That is why the bill of rights in our constitution, by virtue of it being a negative document, is never to be read as the government giving us freedoms. It is not! It is the people, through the constitution-making process, giving the government a set of enumerated powers, we all agree to as limitation to our inalienable rights and freedoms. It is upon those limitations, and only on those limitations, can the government act on limiting it.
There was no reason on earth, why the police themselves didn’t make the arrest, if there was reasonable cause to suspect an offence was committed. When it comes to young offenders, policing takes on a different shade altogether. Parents or guardians are required by law to be present.
The safeguards of Section 13 of the Constitution must be applied, if he was indeed, lawfully arrested. The Social Welfare Director becomes involved in certain cases as guardian ad litem. These are matters that these macho men know no ounce about in effecting their own brand of arrest. That is why there is a specific Juvenile Bureau in the Police Force, they know of procedure and of how to deal with them. The Police was better equipped to deal with the issue and for want of reason, how they were not involved in the investigation baffles me.

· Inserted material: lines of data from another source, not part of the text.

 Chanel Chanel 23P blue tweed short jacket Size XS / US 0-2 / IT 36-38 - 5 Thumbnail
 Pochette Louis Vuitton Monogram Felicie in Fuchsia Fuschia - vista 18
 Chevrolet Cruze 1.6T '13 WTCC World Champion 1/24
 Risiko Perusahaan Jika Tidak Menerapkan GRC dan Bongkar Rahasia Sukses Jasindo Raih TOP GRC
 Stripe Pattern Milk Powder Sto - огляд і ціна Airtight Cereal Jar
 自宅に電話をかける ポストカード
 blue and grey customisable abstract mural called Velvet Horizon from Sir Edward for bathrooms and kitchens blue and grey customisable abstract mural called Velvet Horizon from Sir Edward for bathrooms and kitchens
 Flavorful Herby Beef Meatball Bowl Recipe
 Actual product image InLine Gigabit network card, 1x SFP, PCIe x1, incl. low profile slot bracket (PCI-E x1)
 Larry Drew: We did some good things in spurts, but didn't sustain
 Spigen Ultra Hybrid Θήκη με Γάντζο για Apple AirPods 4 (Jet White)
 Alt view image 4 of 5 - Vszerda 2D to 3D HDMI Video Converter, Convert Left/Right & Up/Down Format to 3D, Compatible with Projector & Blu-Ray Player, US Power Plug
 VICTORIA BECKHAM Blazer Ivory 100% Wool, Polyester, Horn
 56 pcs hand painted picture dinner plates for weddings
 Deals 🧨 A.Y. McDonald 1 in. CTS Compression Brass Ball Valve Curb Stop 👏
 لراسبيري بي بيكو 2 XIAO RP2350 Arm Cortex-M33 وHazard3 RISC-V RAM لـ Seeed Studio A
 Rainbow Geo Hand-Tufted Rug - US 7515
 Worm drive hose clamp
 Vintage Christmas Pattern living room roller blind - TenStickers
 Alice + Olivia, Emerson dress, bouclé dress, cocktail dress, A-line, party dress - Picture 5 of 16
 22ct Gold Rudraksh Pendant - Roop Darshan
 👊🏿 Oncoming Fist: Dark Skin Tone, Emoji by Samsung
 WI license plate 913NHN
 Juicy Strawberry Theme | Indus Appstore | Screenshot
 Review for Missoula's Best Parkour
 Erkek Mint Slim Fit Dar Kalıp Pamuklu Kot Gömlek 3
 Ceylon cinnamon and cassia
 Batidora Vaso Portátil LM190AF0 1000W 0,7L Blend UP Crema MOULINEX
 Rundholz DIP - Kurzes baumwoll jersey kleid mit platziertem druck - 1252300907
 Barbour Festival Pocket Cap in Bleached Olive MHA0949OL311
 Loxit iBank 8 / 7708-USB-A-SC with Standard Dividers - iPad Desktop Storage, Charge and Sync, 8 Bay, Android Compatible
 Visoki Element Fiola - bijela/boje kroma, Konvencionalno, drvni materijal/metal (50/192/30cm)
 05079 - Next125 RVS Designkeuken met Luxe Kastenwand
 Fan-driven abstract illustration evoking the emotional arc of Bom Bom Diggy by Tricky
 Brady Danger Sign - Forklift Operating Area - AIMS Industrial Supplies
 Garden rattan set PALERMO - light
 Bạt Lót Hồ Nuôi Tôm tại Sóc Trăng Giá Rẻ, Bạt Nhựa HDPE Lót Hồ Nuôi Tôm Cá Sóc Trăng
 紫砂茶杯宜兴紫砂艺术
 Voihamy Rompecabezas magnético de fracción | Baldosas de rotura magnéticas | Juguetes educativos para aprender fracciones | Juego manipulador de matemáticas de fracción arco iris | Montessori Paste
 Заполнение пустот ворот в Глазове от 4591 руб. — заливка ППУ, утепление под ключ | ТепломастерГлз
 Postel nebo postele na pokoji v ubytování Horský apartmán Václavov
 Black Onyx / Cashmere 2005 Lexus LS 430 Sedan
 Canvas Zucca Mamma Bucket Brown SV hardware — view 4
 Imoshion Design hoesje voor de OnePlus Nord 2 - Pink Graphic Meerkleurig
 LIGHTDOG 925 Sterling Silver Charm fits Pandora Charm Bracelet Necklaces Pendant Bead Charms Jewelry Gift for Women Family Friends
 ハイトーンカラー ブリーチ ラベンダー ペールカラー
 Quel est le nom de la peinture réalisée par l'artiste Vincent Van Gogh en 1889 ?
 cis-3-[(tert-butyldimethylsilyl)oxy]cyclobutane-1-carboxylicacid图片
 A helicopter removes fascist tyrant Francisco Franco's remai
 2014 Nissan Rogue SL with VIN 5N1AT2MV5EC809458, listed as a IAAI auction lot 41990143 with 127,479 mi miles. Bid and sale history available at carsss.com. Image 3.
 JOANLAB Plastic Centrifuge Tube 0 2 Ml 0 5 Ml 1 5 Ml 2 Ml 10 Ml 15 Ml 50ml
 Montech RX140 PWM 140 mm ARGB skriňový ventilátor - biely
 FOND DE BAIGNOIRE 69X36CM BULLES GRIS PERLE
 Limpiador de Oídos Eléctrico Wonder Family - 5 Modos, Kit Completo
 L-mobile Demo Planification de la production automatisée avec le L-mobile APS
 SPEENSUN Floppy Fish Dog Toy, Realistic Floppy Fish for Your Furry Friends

Now to the Constitutional powers of the Commander of the Republic of Fiji Military Forces (RFMF) having overall security of the nation responsibility and the rest of it. Yes, I have read Section 129 and 131 of the Constitution, dealing with the powers of the COMPOL and Commander RFMF (CRMF) respectively. No, I don’t agree with the drafted press release on the application of Section 131 – CRFMF powers.
The press release appears to suggest that for a single suspected breach of the law by a young offender (and only suspected), the power of the Commander had to be activated, as if the thousands of police officers, were incompetent to handle it. To ensure that security, defence and well-being of Fiji and all Fijians is by construction, a law designed to give the Commander the power to ensure that at no time or hour, borders, zones or homes are endangered by external elements and or invading forces.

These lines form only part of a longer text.